Thank you for the advice, Click. I've been eating really blah foods for the last few days in hopes that maybe eventually my system will get back to normal. But only being able to use the restroom once every 2 weeks or so is just very frustrating. It's extremely uncomfortable, but I know I don't have to tell anyone here that. I just don't know how people live with this long term, it's horrible.

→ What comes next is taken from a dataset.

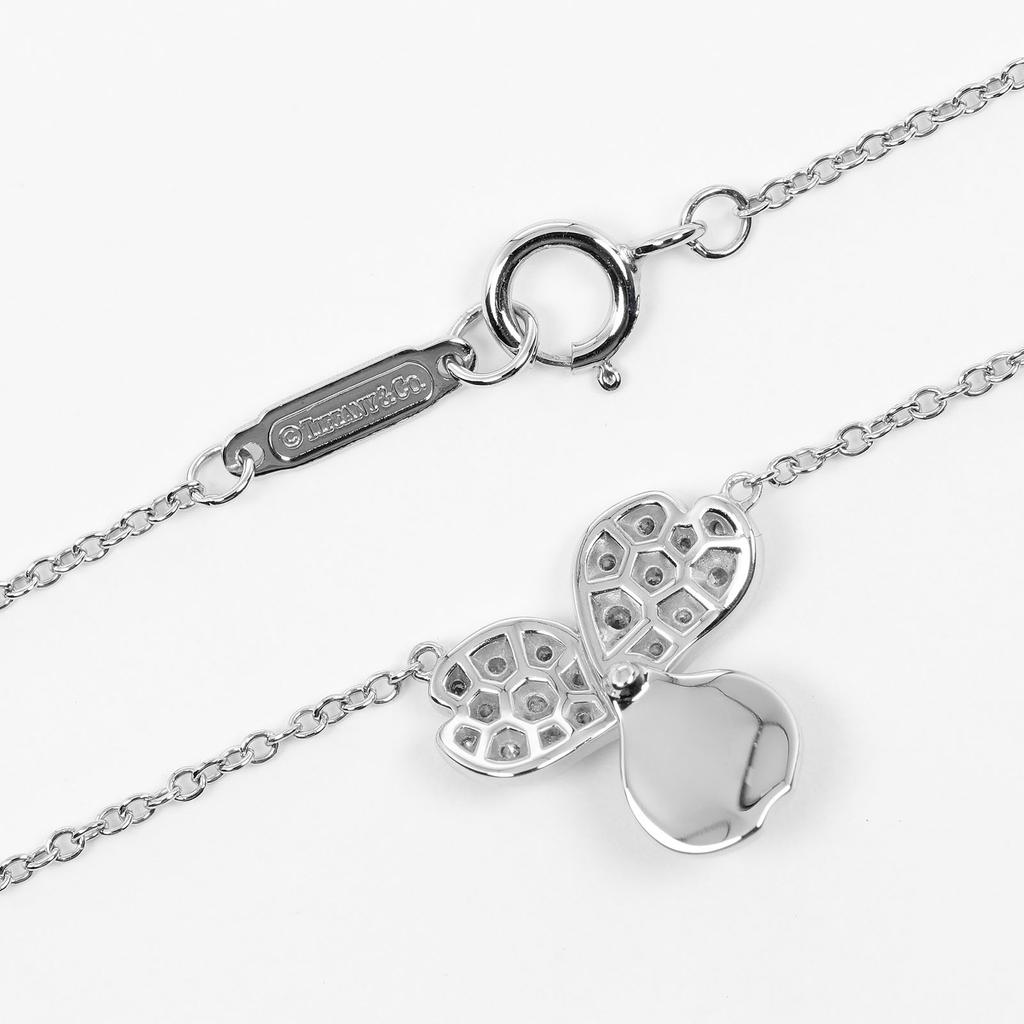 TIFFANY&Co. Paper flower Necklace Pt950Platinum/diamond 3.56g Women Used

As far as paying for the doctor out-of-pocket, I know you're right, but we struggle just to make it from week to week, so there's rarely anything even LEFT to pay the doctor, that's why the insurance was so helpful. We could just pay the Co-Pay, and then when they billed us for whatever insurance didn't cover, we'd have had enough time to save and pay what we owed. (Does that even make sense??) Without insurance, it's almost impossible for me to go. We just plain don't have the money. That's embarrassing to say, but I know we can't be the only ones out there who live week to week. I'll keep up with the blah food idea, and try to get in some serious walking this weekend. I sure hope it helps.


----------



## linesse (Sep 18, 2000)

Oh sweetie,I'm so sorry you are suffering so. I am C-type and I can't even imagine how bad it must feel not to go for 2 whole weeks! Then, on top of that, UC! If it weren't for that I say just go for the laxatives, but I know that in UC, they aren't recommended.You know what kills me? Doctors all say that to have UC you must have diarrhea. Well, you are C and have UC! Diagnosis is a b&%!h! I don't know what to say... just we care!


----------



## Guest (Nov 2, 2001)

AmcCallOk hon its time to get your boxing gloves on!Here is my advice drink water a lot of it. If you can't stand water buy some crstal light drink mix it has only five calories and no sugar to hurt your tum tum. When I say a lot I mean at least a half gallon a day! Exercise this has been so key for me. It helps get stuff moving. Try at the very least a 30 minute walk a day.Magnesium start with 400mg a day with 100-125mg with each meal. Any drugstore carries it and its cheap.Digestive enzymes these help promote the good bacteria in your tummy.Fiber supplements and dietary fiber. Just make sure with the increase of fiber you drink lots of water or some kind of liquad!!!As far as the doc is concerned call your local hospital. Most have some sort of programs for families who have low income or special needs you may qualify. I hope this helps and i will say a prayer for you too.Renee


----------



## Gswanson (Aug 23, 2001)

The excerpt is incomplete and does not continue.